10. Other Activities. Your services pursuant to this Agreement shall not be
deemed to be exclusive, and you may render similar services and act as an
underwriter, distributor or dealer for other investment companies in the
offering of their shares.
11. Term of Agreement. This Agreement shall become effective on the date of
its execution, and shall remain in effect for a period of two (2) years.
The Agreement is renewable annually thereafter with respect to the Fund for
successive periods not to exceed one year (i) by a vote of a majority of
the outstanding voting securities of the Funds or by a vote of the Board of
Directors of the Company, and (ii) by a vote of a majority of the Directors
of the Company who are not parties to the Agreement or interested persons
of any parties to the Agreement (other than as Directors of the Company),
cast in person at a meeting called for the purpose of voting on the
Agreement.
This Agreement may at any time be terminated by the Funds
without the payment of any penalty, (i) either by vote of the Board of Directors
of the Company or by vote of a majority of the outstanding voting securities of
the Funds, on 60 days' written notice to you; or (ii) by you on 60 days' written
notice to the Fund; and shall immediately terminate with respect to the Fund in
the event of its assignment.
12. Suspension of Sales.

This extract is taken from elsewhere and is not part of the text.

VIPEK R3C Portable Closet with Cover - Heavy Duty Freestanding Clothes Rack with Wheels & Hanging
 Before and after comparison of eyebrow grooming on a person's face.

We reserve the right at all times to suspend or
limit the public offering of the Shares of the Funds upon two days' written
notice to you.
13. Miscellaneous. This Agreement shall be subject to the laws of the State
of California and shall be interpreted and construed to further promote the
operation of the Company as an open-end investment company. As used herein
the terms "Net Asset Value", "Offering Price", "Investment Company",
"Open-End Investment Company", "Assignment", "Principal Underwriter",
"Interested Person", "Parents", "Affiliated Person", and "Majority of the
Outstanding Voting Securities" shall have the meanings set forth in the
1933 Act or the 1940 Act and the Rules and Regulations thereunder.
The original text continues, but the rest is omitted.